Why did some of the most brilliant minds of the last century become apologists for history's worst tyrannies? Today we cringe recalling the 1968 pronouncement of Chinese-born author Han Suyin, who died last Friday aged 95, that Mao Zedong was "the greatest man China has known".
In her time, she defended the Great Leap Forward, which induced the famine that has been described as the worst man-made disaster in history, and the Cultural Revolution, which even the Chinese Communist Party has now repudiated.
Perhaps it's not fair to judge her by what we know about Mao today, as many foreigners and fellow travellers besides Han regarded Mao as a great man then. But still, she cannot be completely absolved of a wilful blindness.

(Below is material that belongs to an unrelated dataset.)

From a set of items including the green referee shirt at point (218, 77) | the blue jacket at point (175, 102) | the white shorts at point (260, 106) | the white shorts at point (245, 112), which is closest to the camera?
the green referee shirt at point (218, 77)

A doctor who could speak and write in Chinese, English and French, she had all the intellect she needed to see Mao's China for what it was, rather than what she hoped it would be.

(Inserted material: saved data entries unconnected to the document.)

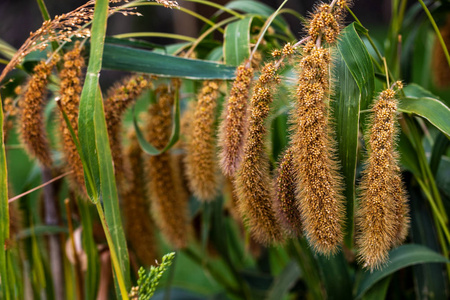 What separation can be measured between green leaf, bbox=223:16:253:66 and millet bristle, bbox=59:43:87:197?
271 mm

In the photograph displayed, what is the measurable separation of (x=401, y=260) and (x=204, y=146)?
43cm

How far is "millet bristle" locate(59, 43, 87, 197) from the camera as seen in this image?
2.63 ft

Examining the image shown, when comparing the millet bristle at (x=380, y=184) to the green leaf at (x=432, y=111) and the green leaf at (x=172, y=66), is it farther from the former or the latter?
the green leaf at (x=172, y=66)

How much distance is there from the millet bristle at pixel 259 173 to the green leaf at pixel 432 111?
221 mm

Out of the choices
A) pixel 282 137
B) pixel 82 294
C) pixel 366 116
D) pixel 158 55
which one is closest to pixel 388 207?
pixel 366 116

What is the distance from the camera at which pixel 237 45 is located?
882mm

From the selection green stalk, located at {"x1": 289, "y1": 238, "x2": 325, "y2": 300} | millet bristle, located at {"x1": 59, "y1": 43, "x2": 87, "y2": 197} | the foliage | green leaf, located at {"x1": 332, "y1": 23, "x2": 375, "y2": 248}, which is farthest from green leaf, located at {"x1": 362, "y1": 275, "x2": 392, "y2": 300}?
millet bristle, located at {"x1": 59, "y1": 43, "x2": 87, "y2": 197}

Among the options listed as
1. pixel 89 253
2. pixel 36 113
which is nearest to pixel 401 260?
pixel 89 253

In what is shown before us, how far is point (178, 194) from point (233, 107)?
443mm

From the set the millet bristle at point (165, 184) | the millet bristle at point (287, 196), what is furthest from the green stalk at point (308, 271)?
the millet bristle at point (287, 196)

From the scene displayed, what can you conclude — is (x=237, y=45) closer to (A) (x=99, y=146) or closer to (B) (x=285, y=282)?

Han is nowadays mostly remembered as the author of an autobiographical novel that inspired the 1950s Hollywood hit movie Love Is a Many-Splendored Thing, starring William Holden and shot almost entirely in Hong Kong. But she wrote dozens of books, including two biographies of Mao and Zhou Enlai .
Just as Edgar Snow introduced Mao to the West before he came to power, Han's endorsement helped legitimise the Great Helmsman's rule for many Westerners even as he exercised supreme command and plunged the nation into chaos again and again.